• _TRY IT_
In the listing below, find the line containing "What does WRAP" and the line containing "Let \(a \in". Repeat exactly those two lines and every line between them, nothing more.

##### EXTRACTED RECORDS #####

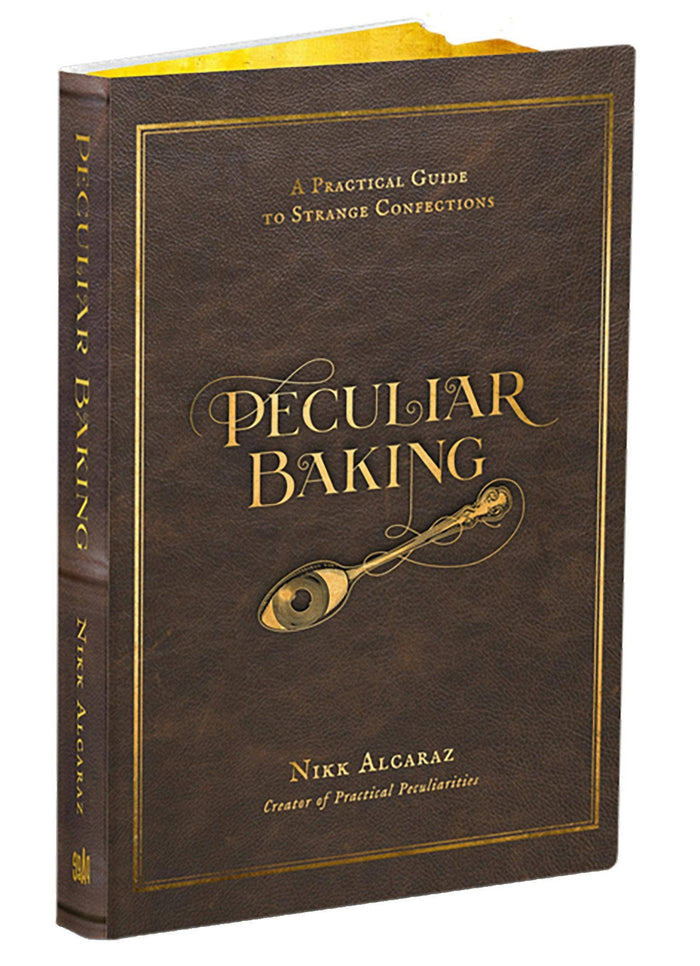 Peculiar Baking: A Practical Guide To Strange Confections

#####
##### EXTRACTED RECORDS #####

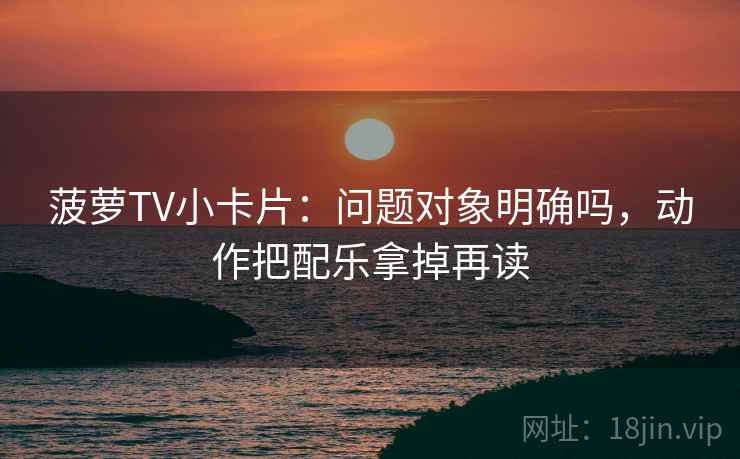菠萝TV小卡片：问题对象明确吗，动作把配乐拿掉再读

#####
##### EXTRACTED RECORDS #####

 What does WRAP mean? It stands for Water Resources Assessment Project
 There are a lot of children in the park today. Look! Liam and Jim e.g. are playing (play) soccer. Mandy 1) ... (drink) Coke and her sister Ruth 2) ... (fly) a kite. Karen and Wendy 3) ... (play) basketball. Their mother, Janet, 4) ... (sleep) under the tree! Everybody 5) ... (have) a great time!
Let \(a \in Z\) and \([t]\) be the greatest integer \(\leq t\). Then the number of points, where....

#####

• _ANSWER SECTION_
 What does WRAP mean? It stands for Water Resources Assessment Project
 There are a lot of children in the park today. Look! Liam and Jim e.g. are playing (play) soccer. Mandy 1) ... (drink) Coke and her sister Ruth 2) ... (fly) a kite. Karen and Wendy 3) ... (play) basketball. Their mother, Janet, 4) ... (sleep) under the tree! Everybody 5) ... (have) a great time!
Let \(a \in Z\) and \([t]\) be the greatest integer \(\leq t\). Then the number of points, where....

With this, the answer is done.